Material for the task:

______________________________

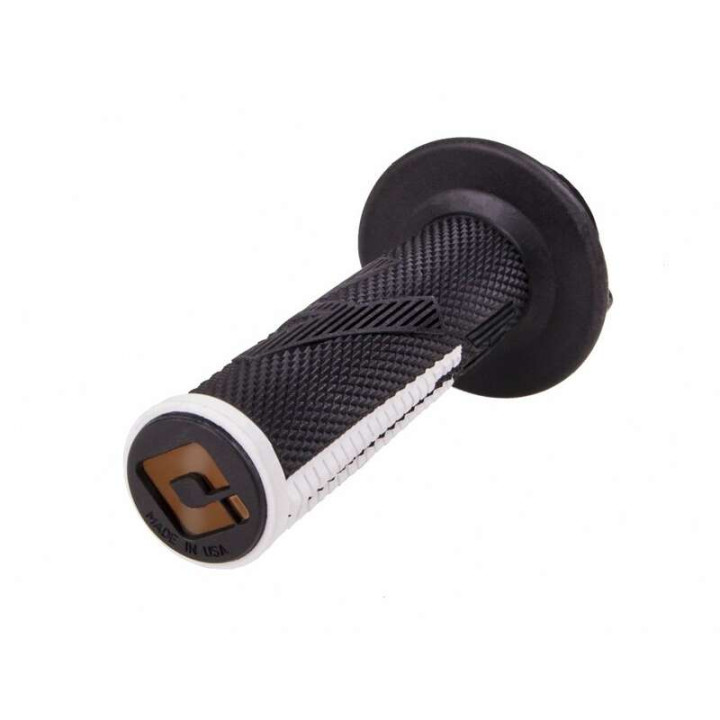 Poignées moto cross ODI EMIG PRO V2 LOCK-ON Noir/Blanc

______________________________

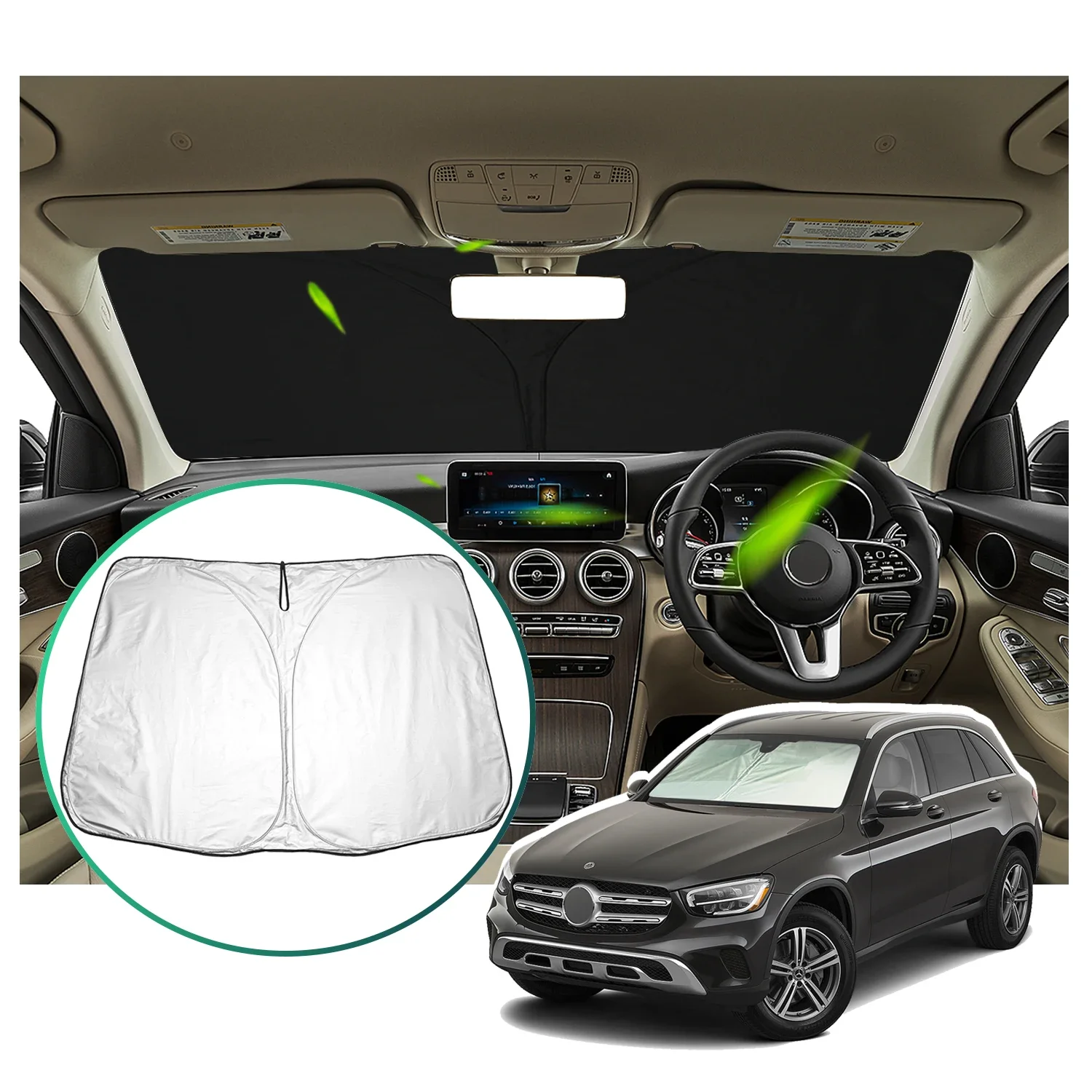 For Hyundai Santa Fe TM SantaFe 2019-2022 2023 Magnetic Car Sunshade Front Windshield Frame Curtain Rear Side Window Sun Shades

______________________________

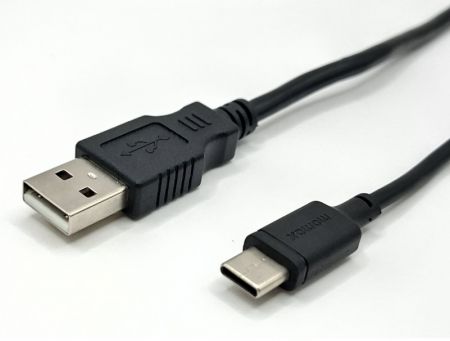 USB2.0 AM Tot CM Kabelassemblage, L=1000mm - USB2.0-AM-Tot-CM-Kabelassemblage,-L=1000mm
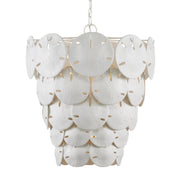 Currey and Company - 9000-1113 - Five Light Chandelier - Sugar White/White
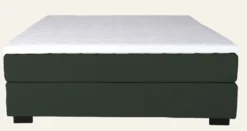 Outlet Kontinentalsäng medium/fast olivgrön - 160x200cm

______________________________

Retype the lines above exactly as they appear, from the line containing "Currey and Company" through the line containing "Outlet Kontinentalsäng medium/fast", and leave out any pictures.

Answer to this task:
 Currey and Company - 9000-1113 - Five Light Chandelier - Sugar White/White
 Outlet Kontinentalsäng medium/fast olivgrön - 160x200cm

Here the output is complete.